By Chris Munro
April 15 - (The Insurer) - Lemonade is sending notices to around 190,000 individuals whose driver’s license numbers were exposed over what is believed to have been a 17-month period spanning April 2023 through to September 2024.
In an 8-K filing issued on April 4, New York-based insurtech Lemonade said it had “recently concluded” that a technical issue within its car insurance quote flow “likely led” to the exposure of certain data received by an application programming interface call to a third-party data provider.
As Lemonade explained in the 8-K filing, as part of that quote flow, data is sent to and from a server to a user’s browser. That flow includes information that Lemonade needs to generate a quote.
“This issue caused certain data to be transmitted without Lemonade’s standard means of protection,” the insurtech said.
“As a result, Lemonade will be notifying approximately 190,000 individuals whose driver’s license numbers were sent in unencrypted form,” the company noted.
“Once discovered, the company took appropriate measures to resolve the vulnerability.”
Lemonade has sent letters to those it believes are impacted, informing customers that their driver’s license number “was likely exposed”.

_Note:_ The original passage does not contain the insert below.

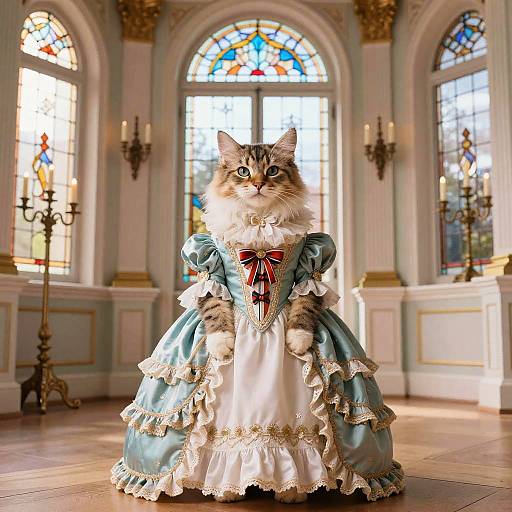 Photograph of a fluffy, long-haired tabby cat in a Victorian-style blue and white lace dress with a red bow, standing in a sunlit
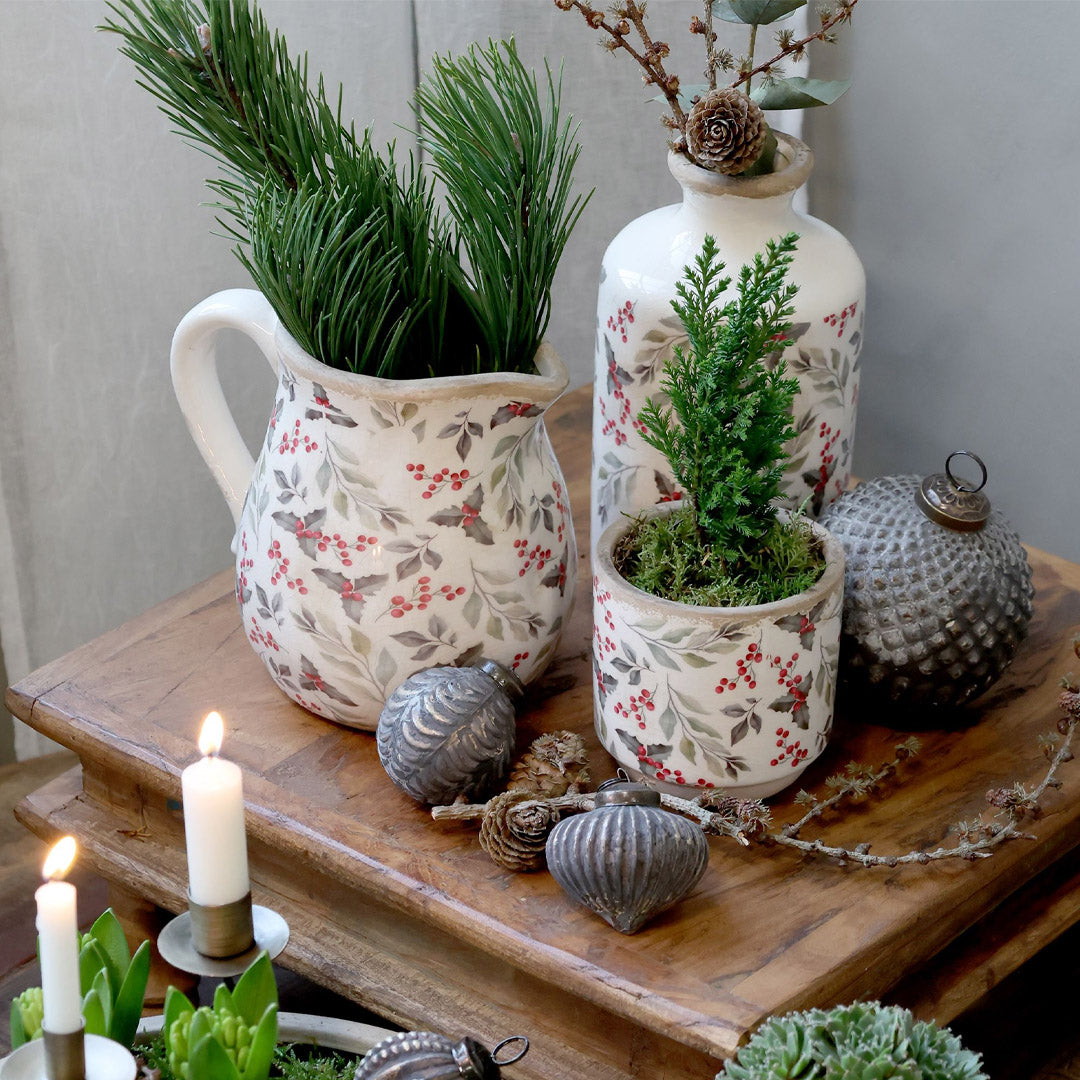 Chic Antique - Übertopf mit Blatt- und Beerenmotiv – H10/Ø10 cm, creme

“We have no evidence to suggest that your driver’s license number has been misused but we are providing this notice as a precaution to inform potentially affected individuals and share some steps you can take to help protect yourself,” the insurtech states in the letter.
It is unclear precisely the breakdown of where the affected customers are based, but according to the Attorney General of Texas’ website, 17,563 are based in the Lone Star State.
A further 1,950 are sited in South Carolina, according to that state’s attorney general website. The California Attorney General has also confirmed affected customers are based in the Golden State.
According to its SEC filing, based on its current knowledge of the facts and circumstances related to the incident, Lemonade’s operations were not compromised.
Lemonade also said customer data was not targeted.
“The company has determined that the incident is not material,” it declared in the 8-K.
In March, it was announced that insurtech Root would pay $975,000 in penalties to the state of New York after a data breach exposed the personal information of approximately 45,000 Empire State residents.
Root discovered the vulnerability in January 2021, when bad actors exploited a prefill flaw to access sensitive data, according to New York Attorney General Letitia James.
And in late 2024, it was announced that Geico and Travelers Indemnity Company had been fined $9.75 million and $1.55 million, respectively, over what James said were failures to protect consumers’ personal information.
Those failures led to the exposure of 120,000 New Yorkers’ personal information that hackers used to file fraudulent unemployment claims during the Covid-19 pandemic.
At the time of publication, Lemonade had not responded to a request for comment.